On March 8, 2017, in a CNBC piece entitled “Peter Thiel explained why Google makes such a big deal out of everything but its search business” CNBC quoted something Mr. Thiel said recently at a conference:
“…if you have a search company in Silicon Valley that I will not name, if you were to go around to CEOs saying, ‘We have a bigger share of the market and higher profit margins than Microsoft ever had in the 1990s,’ you wouldn’t do that…You don’t even talk about search. You say, ‘We are a technology company with an enormous space called technology, and we’re competing with Apple on smartphones, and we’re competing on self-driving cars, and there’s competition in everything we’re doing except this one thing called search, and we never talk about that.”
Apparently, Google’s misdirection doesn’t fool Mr. Thiel.
Makan Delrahim: As I explained in my previous Google piece, “Google Antitrust Implications of Makan Delrahim as DOJ Antitrust Chief”, Mr. Delrahim is a traditional Republican antitrust enforcer who has the institutional trust, clout, and authority to take the Google antitrust investigation lead away from the FTC — if he wants to do it.

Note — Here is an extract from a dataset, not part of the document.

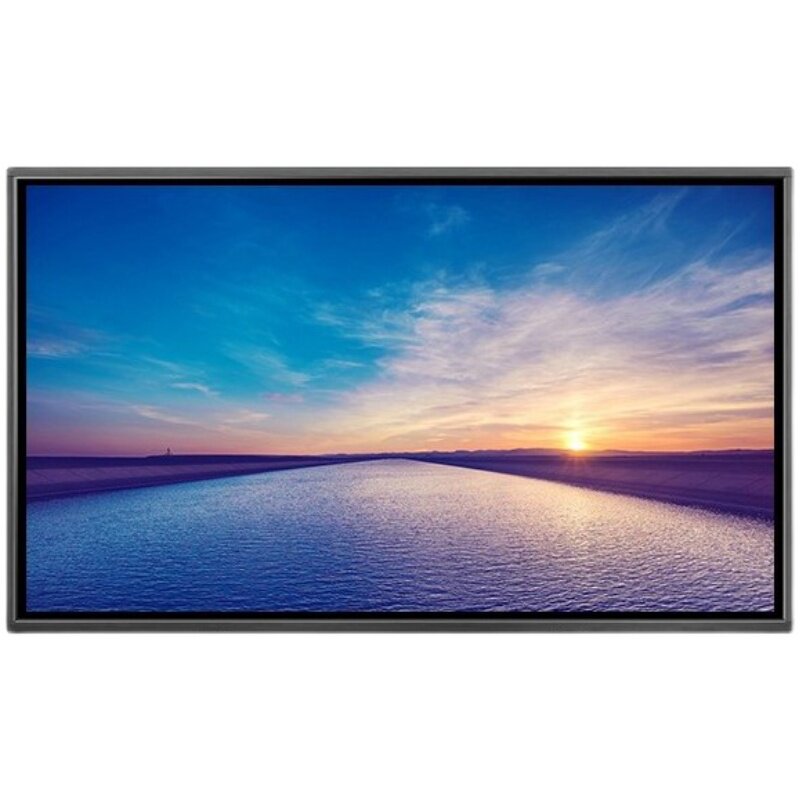 100寸大屏监控显示器50寸电脑监视器游戏液晶液晶显示显示器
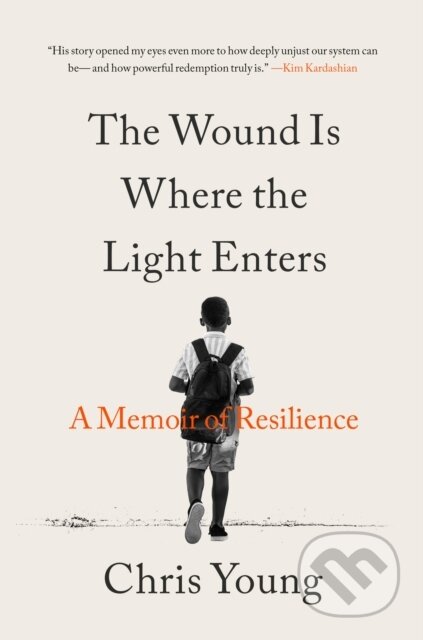 Kniha: The Wound Is Where the Light Enters (Chris Young). Little, Brown, 2026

If he wants DOJ to take the lead on Google antitrust issues, what would be the most logical baseline from which Mr. Delrahim would start?
Since, Mr. Delrahim served in the W. Bush DOJ Antitrust Division, and was a colleague with, and worked for, the last Republican antitrust chief, Tom Barnett, one would logically start with the precedent of Mr. Barnett’s latest and best antitrust analysis and thinking on Google.
Many have forgotten that the day after President Obama won the 2008 election, the W. Bush DOJ announced that Google and Yahoo abandoned their proposed advertising agreement in response to a threatened DOJ “antitrust lawsuit” that would have alleged the agreement would have harmed “competition in the markets for Internet search advertising and Internet search syndication.” In that announcement, the DOJ also indicated it considered and rejected Google attempts to settle the matter to mitigate the DOJ’s concerns.
AmLawDaily reported at the time that: “The never-filed government complaint would have charged that the agreement violated Sections 1 and 2 of the Sherman Act” and “It would have ended up also alleging that Google had a monopoly and that [the advertising pact] would have furthered their monopoly,”
It would be logical for Mr. Delrahim to have an open mind toward investigating Google for antitrust violations, if the evidence warranted it, especially given that Google warranted the strictest possible threatened antitrust action, a rare Sherman 1 & 2 antitrust case, eight years ago from W. Bush DOJ antitrust chief Tom Barnett.
Given this Google antitrust precedent and predicate from the W. Bush DOJ Antitrust Division, (and also the like-minded Obama-Varney DOJ Antitrust Division actions, that agreed with, and built upon the Barnett 2008 Google antitrust precedent), it is logical to assume a Trump-Delrahim DOJ Antitrust Division would start from the consistent fact supported antitrust views and baseline of the W.Bush-Barnett and Obama-Varney DOJ Antitrust Divisions, and not the subsequent Obama-Hesse-Baer-Hesse Google-antitrust baseline of “ move along folks, nothing to see here.”